E

ra uma tarde comum quando a aposentada Maria*, de 65 anos, recebeu em seu smartphone uma mensagem de Ana, sua filha. "Mãe, preciso de dinheiro, tive um problema", a mensagem dizia. O jeito e o pedido estranharam Maria — não era da natureza de Ana mandar aquele tipo de mensagem. A enfermeira logo desconfiou de um golpe e ligou para Ana, que confirmou que não havia mandado mensagem alguma. No entanto, uma coisa chamou a atenção das duas: o contato de Maria no celular de Ana não estava salvo como "mãe", mas sim como Maria — como os criminosos, sabiam, portanto, que aquela era de fato sua mãe?

Golpes como esse têm sido comuns pelo país. Dados de um laboratório de segurança digital apontaram que, em 2020, mais de 5 milhões de brasileiros sofreram algum tipo de golpe pelo WhatsApp, o aplicativo de mensagens instantâneas mais utilizado no Brasil.

O modus operandi dos criminosos é o mesmo: eles utilizam estratégias sofisticadas para conseguir hackear a conta no WhatsApp da vítima. Uma vez dentro da conta, eles se passam pela vítima para pedir dinheiro aos seus amigos e familiares. O golpe é tão bem executado que não é difícil encontrar pessoas que, diferentemente de Maria, não desconfiaram da mensagem e só se deram conta do erro depois de enviar o dinheiro.

Para enganar as vítimas, os cibercriminosos utilizam o que os especialistas chamam de engenharia social, a arte de manipular os usuários para que eles cedem informações pessoais. Aqui, são várias as técnicas utilizadas: desde fingir que a vítima ganhou um prêmio e precisa passar seus dados para receber o valor, até enviar links com os famosos "click baits", para fazer a vítima clicar e baixar um malware que se espalha em segundos pelo seu smartphone ou notebook.

Seja qual for a técnica utilizada, a engenharia social é especialmente perigosa por um motivo: ela explora o erro humano, em vez de erros em softwares e códigos de programação. Diferentemente dos programas de computador, o erro humano é muito mais imprevisível, o que torna difícil a construção de barreiras que possam evitá-lo. Isso somado à crescente dependência humana dos recursos digitais tem trazido uma preocupação à mente dos usuários: como garantir que nossos dados estão realmente seguros?

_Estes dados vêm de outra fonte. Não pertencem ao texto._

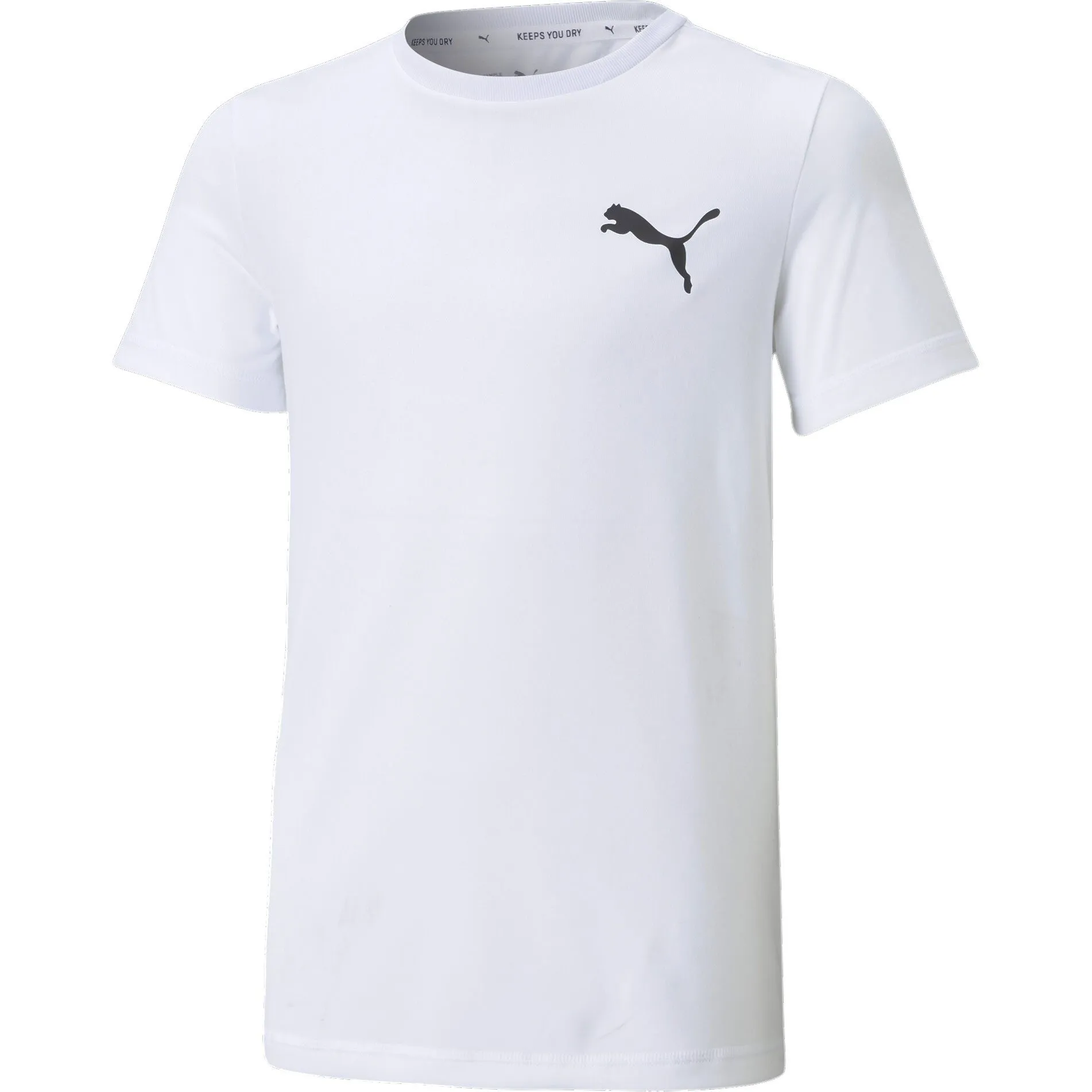 Puma - Active Small Logo T-Shirt Boys puma white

Um cenário crescente de ameaças

"Os dados são o novo petróleo". Se você ainda não escutou essa máxima, certamente ainda vai se deparar com ela em algum momento. De fato, os dados são hoje uma das commodities mais valorizadas no mundo — afinal, quando uma empresa utiliza os dados a seu favor, o céu é o limite. Não há dúvidas mais, portanto, dos benefícios que a análise de dados pode trazer. Contudo, o aumento no número de dados gerados (com mais pessoas e empresas adotando recursos digitais) trouxe novas preocupações para pessoas, empresas e governos: como manter esses dados seguros.

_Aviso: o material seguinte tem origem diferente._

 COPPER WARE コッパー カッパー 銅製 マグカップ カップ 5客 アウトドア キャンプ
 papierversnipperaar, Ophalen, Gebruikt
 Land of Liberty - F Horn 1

Do lado das empresas, a importância de investir em medidas de segurança que protejam segredos de negócios e os dados das pessoas que se relacionam com a organização não é mais ignorada. Cada dia mais, organizações de todos os setores investem em tecnologias de ponta e contratam profissionais capacitados para tornar suas infraestruturas de TI robustas e seguras contra atacantes.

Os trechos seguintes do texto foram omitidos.